▸ **DIRECTIONS**:
Where in the data below does the word "main" appear? Copy each line that holds it.
--- PROVIDED ENTRIES Enclosed Below ---
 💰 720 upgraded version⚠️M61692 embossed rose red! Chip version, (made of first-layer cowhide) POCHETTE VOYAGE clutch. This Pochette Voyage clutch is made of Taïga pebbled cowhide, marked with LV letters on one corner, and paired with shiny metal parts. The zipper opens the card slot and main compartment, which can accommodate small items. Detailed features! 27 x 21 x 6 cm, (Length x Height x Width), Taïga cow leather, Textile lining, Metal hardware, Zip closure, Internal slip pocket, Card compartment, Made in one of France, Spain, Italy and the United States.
--- End of Enclosed PROVIDED ENTRIES ---
--- PROVIDED ENTRIES Enclosed Below ---
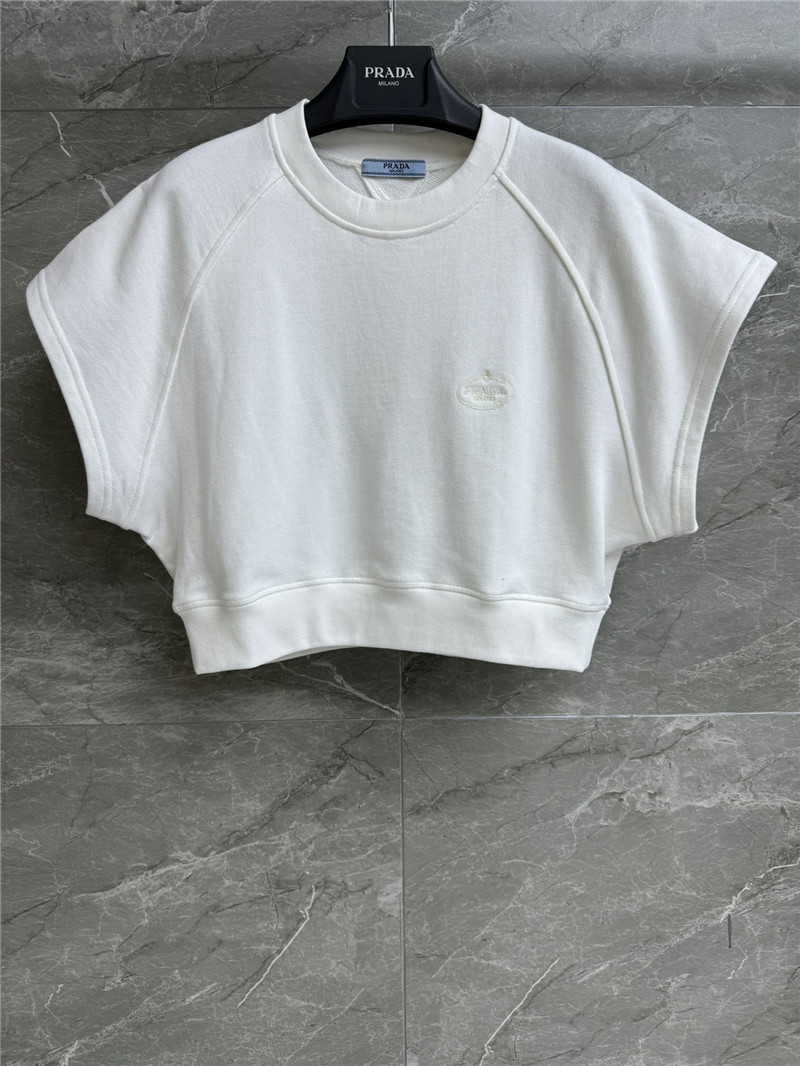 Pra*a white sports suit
--- End of Enclosed PROVIDED ENTRIES ---
--- PROVIDED ENTRIES Enclosed Below ---
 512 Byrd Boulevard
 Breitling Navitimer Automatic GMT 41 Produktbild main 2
--- End of Enclosed PROVIDED ENTRIES ---
▸ **OUTPUT OF THE EXERCISE**:
 💰 720 upgraded version⚠️M61692 embossed rose red! Chip version, (made of first-layer cowhide) POCHETTE VOYAGE clutch. This Pochette Voyage clutch is made of Taïga pebbled cowhide, marked with LV letters on one corner, and paired with shiny metal parts. The zipper opens the card slot and main compartment, which can accommodate small items. Detailed features! 27 x 21 x 6 cm, (Length x Height x Width), Taïga cow leather, Textile lining, Metal hardware, Zip closure, Internal slip pocket, Card compartment, Made in one of France, Spain, Italy and the United States.
 Breitling Navitimer Automatic GMT 41 Produktbild main 2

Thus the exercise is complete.